MEES – how the requirement might affect the registered provider sector
Author: Kerry Mashford Date: 13/04/2015
The Government recently announced its latest domestic energy efficiency proposals in England and Wales. The Minimum Energy Efficiency Standards (MEES) take effect in the private rented sector as of 1 April 2018, and include a requirement for eligible properties to have a minimum E EPC rating before they can be rented out. How might MEES affect registered providers?
Housing associations are continually churning their tenanted stock through property disposals, re-profiling their asset bases and releasing funds for investing in new properties and improvements to their retained stock. From the registered providers’ perspective, the time to sell low EPC-rated properties into the private rented sector could be running out as most private landlords won’t want to invest in upgrading properties.
- Will that depress the market for registered provider sellers in the run-up to the deadline?
- Will property values be forced down as a consequence?
- Will a greater proportion of disposals sell to owner occupiers?
- What might the impact be on fuel poverty, public health and the wider societal environment?
The primary objective of MEES is to improve the energy performance of the worst performing homes in the private rented sector. As private landlords offload and registered providers churn, two streams of low-quality properties will come to the market. Savvy landlords will pick up ex-registered provider properties that only just fail to meet MEES and can be improved easily and cheaply.
The costs of upgrading
Whether they’re brought to the market by registered providers or private landlords, some of these low-quality properties will be bought by first-time owner-occupiers, encouraged by the opportunity to buy a house at a cheaper than usual price and hoping to fulfil their dream of getting onto the property ladder. Unfortunately, many of their dreams will be shattered when they realise how much it’ll cost to upgrade their newly-bought properties. What’s more, many of these buyers might be ‘financially on the edge’, not having enough disposable income to either maintain their houses adequately or keep them sufficiently warm, let alone upgrade them.
Another unfortunate consequence is that, having moved these properties into the private sector, they’ll not be subject to the same stringent energy efficiency legislation. As a result, many of their new owners might end up living in poor conditions or fuel poverty, with little chance of improving their situation.
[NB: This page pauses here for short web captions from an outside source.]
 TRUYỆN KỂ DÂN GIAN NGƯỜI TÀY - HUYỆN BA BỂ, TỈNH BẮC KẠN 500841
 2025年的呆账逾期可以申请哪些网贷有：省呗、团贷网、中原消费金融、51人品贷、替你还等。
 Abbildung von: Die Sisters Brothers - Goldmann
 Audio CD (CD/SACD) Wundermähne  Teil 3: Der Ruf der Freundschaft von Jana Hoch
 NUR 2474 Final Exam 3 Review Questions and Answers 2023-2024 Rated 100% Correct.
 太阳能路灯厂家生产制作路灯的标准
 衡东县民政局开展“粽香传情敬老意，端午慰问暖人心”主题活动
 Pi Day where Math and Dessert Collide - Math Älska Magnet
Will this set of circumstances create further bifurcation in the market, leaving a legacy of deprived housing areas made up of derelict properties (that are too costly to improve) and owner occupied properties lived in by financially stretched and fuel poor families?
Is there another way?
Registered providers represent the most professional organisations operating in the rented homes sector and have enormous experience at managing efficient, large-scale repairs, maintenance and improvement programmes.
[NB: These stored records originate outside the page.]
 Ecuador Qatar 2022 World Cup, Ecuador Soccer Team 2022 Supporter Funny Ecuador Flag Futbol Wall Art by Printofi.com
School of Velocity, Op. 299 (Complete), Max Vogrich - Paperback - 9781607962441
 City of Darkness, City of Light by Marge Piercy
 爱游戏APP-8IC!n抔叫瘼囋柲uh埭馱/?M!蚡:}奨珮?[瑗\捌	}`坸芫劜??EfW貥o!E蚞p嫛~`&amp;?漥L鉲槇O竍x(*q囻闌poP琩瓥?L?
- Could a mechanism be developed that makes use of this professionalism to improve those properties that need it most, especially if they’re already in registered provider ownership?
- Could such a mechanism improve properties before they are released onto the open market, thereby avoiding further difficulties arising from ‘pepperpot’ refurbishment, and heading off the risk of creating low-quality owner occupied homes?
- Could a separate body buy up poorly performing homes that are offered for sale by registered providers, private landlords or private individuals - and provide a professional improvement refurbishment service before releasing them into the open market as ‘good as new’ homes, perhaps with new warranties?